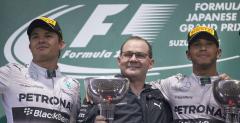 Liga Typerów - GP Japonii 2015 Liga Typerów - GP Japonii 2015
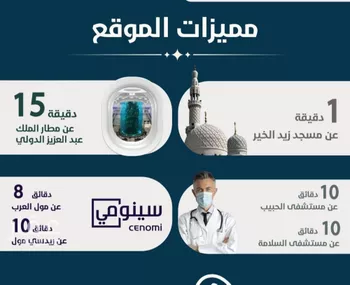 شقة للبيع في حي النعيم, مدينة جدة, منطقة مكة المكرمة صورة 5
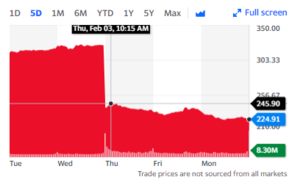 Facebook (FB) sufre caída repentina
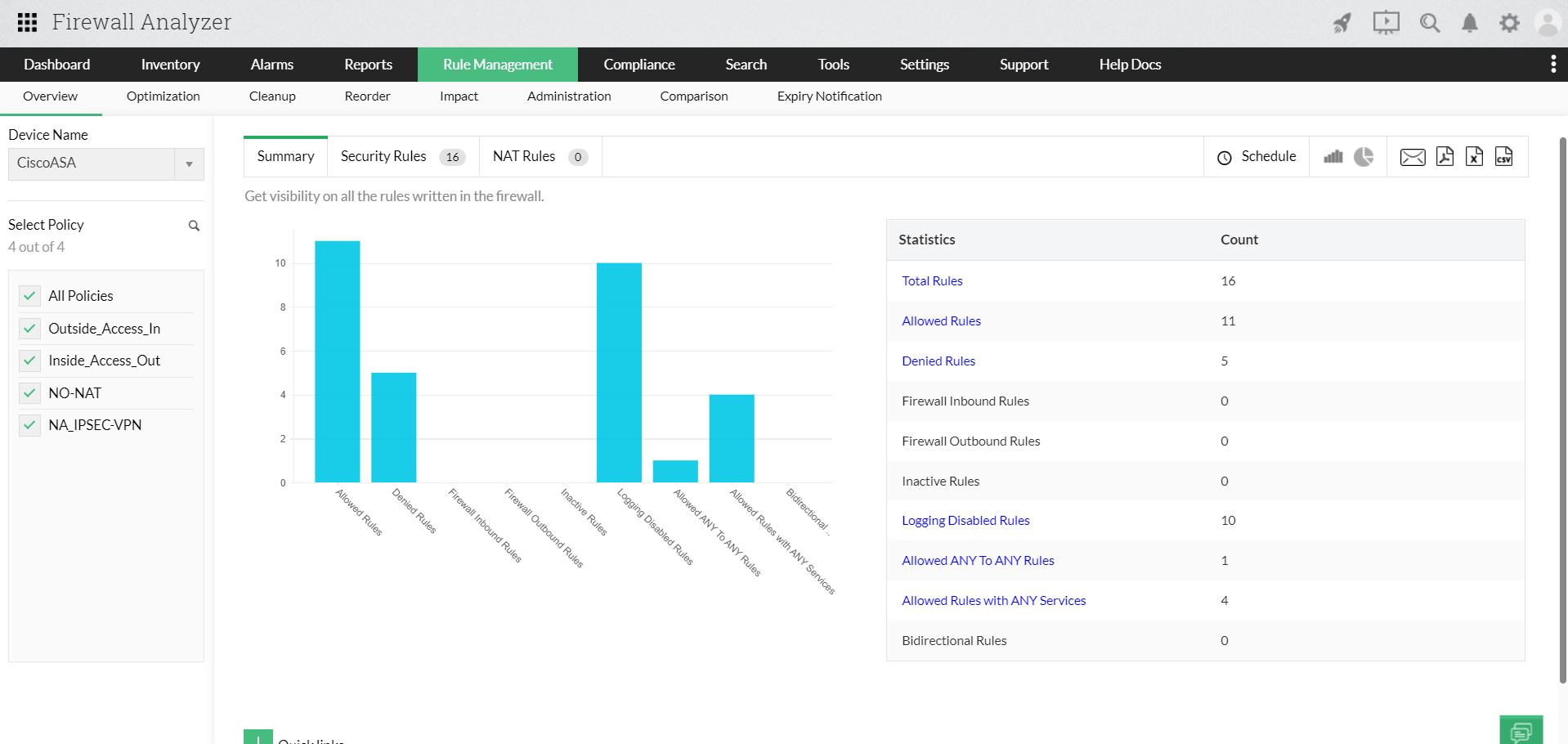 Enterprise Network Performance Monitoring - ManageEngine OpManager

- AIM OF THE TASK:
Please make an exact copy of the whole listing and leave out its pictures.

- COMPLETED TASK:
 Liga Typerów - GP Japonii 2015 Liga Typerów - GP Japonii 2015
 شقة للبيع في حي النعيم, مدينة جدة, منطقة مكة المكرمة صورة 5
 Facebook (FB) sufre caída repentina
 Enterprise Network Performance Monitoring - ManageEngine OpManager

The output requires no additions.